======== Records for processing

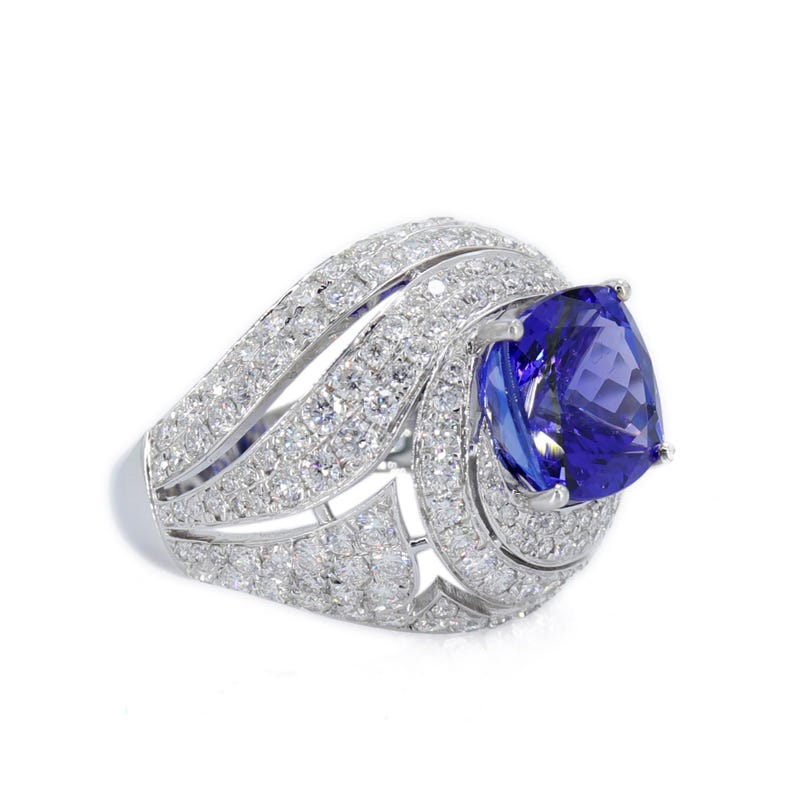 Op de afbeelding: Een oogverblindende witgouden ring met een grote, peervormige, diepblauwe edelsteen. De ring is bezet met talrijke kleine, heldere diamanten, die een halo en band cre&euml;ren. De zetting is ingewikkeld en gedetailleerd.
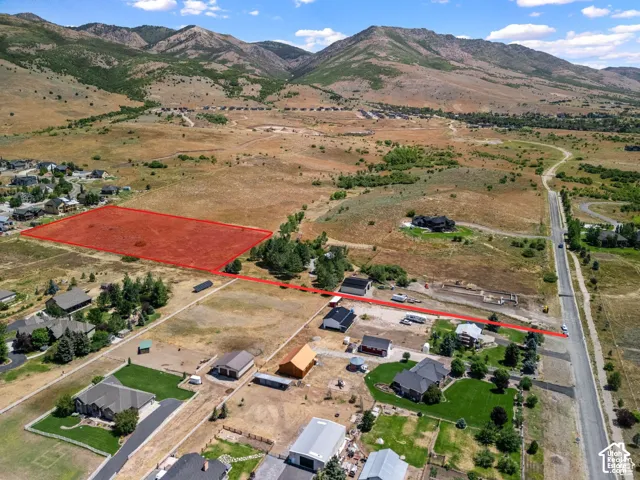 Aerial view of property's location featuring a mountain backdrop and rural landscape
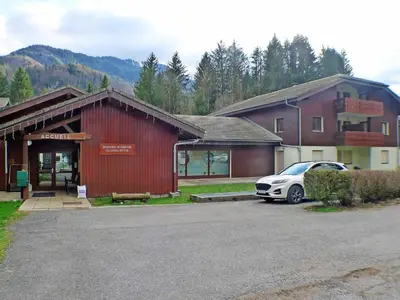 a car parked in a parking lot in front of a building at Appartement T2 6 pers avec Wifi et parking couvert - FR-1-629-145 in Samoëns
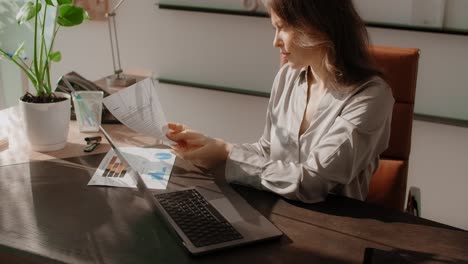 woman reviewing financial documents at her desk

================
======== Records for processing

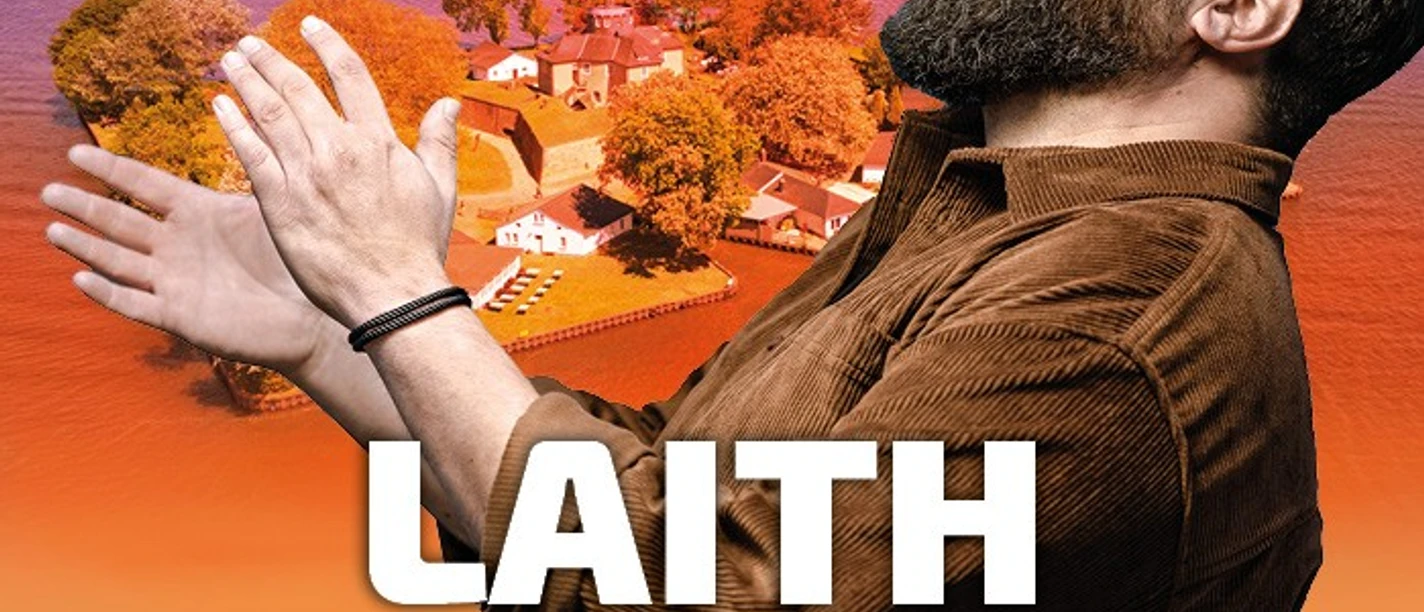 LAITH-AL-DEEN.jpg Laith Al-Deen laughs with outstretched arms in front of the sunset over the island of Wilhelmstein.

================
======== Records for processing

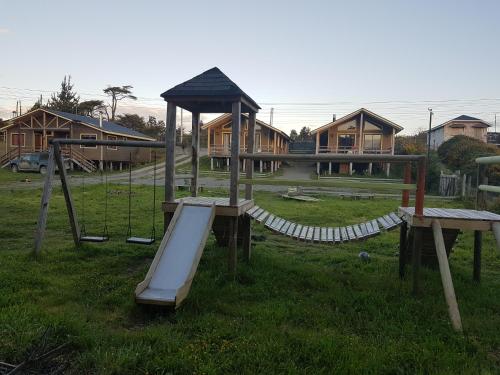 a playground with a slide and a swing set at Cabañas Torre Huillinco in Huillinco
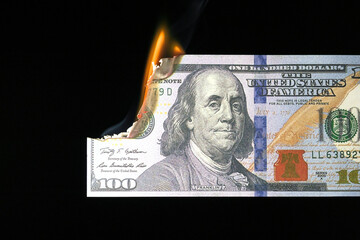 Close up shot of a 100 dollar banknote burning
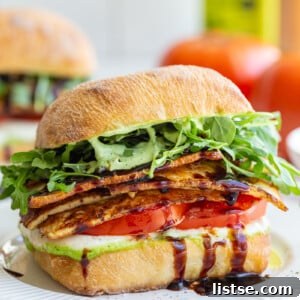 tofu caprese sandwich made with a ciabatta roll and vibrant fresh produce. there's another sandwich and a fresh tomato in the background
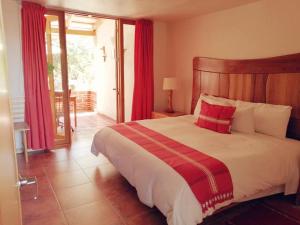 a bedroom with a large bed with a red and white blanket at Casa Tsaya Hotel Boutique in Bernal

================

Leaving out all pictures, set down exactly the lines of the material above, from the line with "a car parked" to the line with "woman reviewing financial" inclusive, and no others.

 a car parked in a parking lot in front of a building at Appartement T2 6 pers avec Wifi et parking couvert - FR-1-629-145 in Samoëns
 woman reviewing financial documents at her desk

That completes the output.